I didn't see jazmit's answer, which more closely answers the original poster's question with minimum fuss (two method calls). However, those method calls do more work than needed for this application (multiple tree traversals), and my solution provides lots of hooks where other users can modify it to their own needs.
Here it is:
import scala.collection.immutable.TreeSet
import scala.collection.SortedMap
// generalize the idea of an Ordering to metric sets
trait MetricOrdering[T] extends Ordering[T] {
def distance(x: T, y: T): Double
def compare(x: T, y: T) = {
val d = distance(x, y)
if (d > 0.0) 1
else if (d < 0.0) -1
else 0
}
}
class MetricSortedMap[A, B]
(elems: (A, B)*)
(implicit val ordering: MetricOrdering[A])
extends SortedMap[A, B] {
// while TreeSet searches for an element, keep track of the best it finds
// with *thread-safe* mutable state, of course
private val best = new java.lang.ThreadLocal[(Double, A, B)]
best.set((-1.0, null.asInstanceOf[A], null.asInstanceOf[B]))
private val ord = new MetricOrdering[(A, B)] {
def distance(x: (A, B), y: (A, B)) = {
val diff = ordering.distance(x._1, y._1)
val absdiff = Math.abs(diff)
// the "to" position is a key-null pair; the object of interest
// is the other one
if (absdiff < best.get._1)
(x, y) match {
// in practice, TreeSet always picks this first case, but that's
// insider knowledge
case ((to, null), (pos, obj)) =>
best.set((absdiff, pos, obj))
case ((pos, obj), (to, null)) =>
best.set((absdiff, pos, obj))
case _ =>
}
diff
}
}
// use a TreeSet as a backing (not TreeMap because we need to get
// the whole pair back when we query it)
private val treeSet = TreeSet[(A, B)](elems: _*)(ord)
// find the closest key and return:
// (distance to key, the key, its associated value)

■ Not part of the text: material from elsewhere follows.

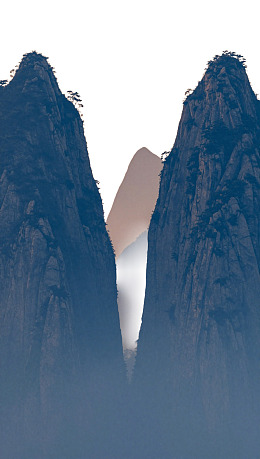 双峰夹峙云雾缭绕图片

def closest(to: A): (Double, A, B) = {
treeSet.headOption match {
case Some((pos, obj)) =>
best.set((ordering.distance(to, pos), pos, obj))
case None =>
throw new java.util.NoSuchElementException(
"SortedMap has no elements, and hence no closest element")
}
treeSet((to, null.asInstanceOf[B])) // called for side effects
best.get
}
// satisfy the contract (or throw UnsupportedOperationException)
def +[B1 >: B](kv: (A, B1)): SortedMap[A, B1] =
new MetricSortedMap[A, B](
elems :+ (kv._1, kv._2.asInstanceOf[B]): _*)
def -(key: A): SortedMap[A, B] =
new MetricSortedMap[A, B](elems.filter(_._1 != key): _*)
def get(key: A): Option[B] = treeSet.find(_._1 == key).map(_._2)
def iterator: Iterator[(A, B)] = treeSet.iterator
def rangeImpl(from: Option[A], until: Option[A]): SortedMap[A, B] =
new MetricSortedMap[A, B](treeSet.rangeImpl(
from.map((_, null.asInstanceOf[B])),
until.map((_, null.asInstanceOf[B]))).toSeq: _*)
}
// test it with A = Double
implicit val doubleOrdering =
new MetricOrdering[Double] {
def distance(x: Double, y: Double) = x - y
}
// and B = String
val stuff = new MetricSortedMap[Double, String](
3.3 -> "three",
1.1 -> "one",
5.5 -> "five",
4.4 -> "four",
2.2 -> "two")
println(stuff.iterator.toList)
println(stuff.closest(1.5))
println(stuff.closest(1000))
println(stuff.closest(-1000))
println(stuff.closest(3.3))
println(stuff.closest(3.4))
println(stuff.closest(3.2))
I've been doing:
val m = SortedMap(myMap.toSeq:_*)
val offsetMap = (m.toSeq zip m.keys.toSeq.drop(1)).map {
case ( (k,v),newKey) => (newKey,v)
}.toMap
When I want the results of my map off-set by one key. I'm also looking for a better way, preferably without storing an extra map.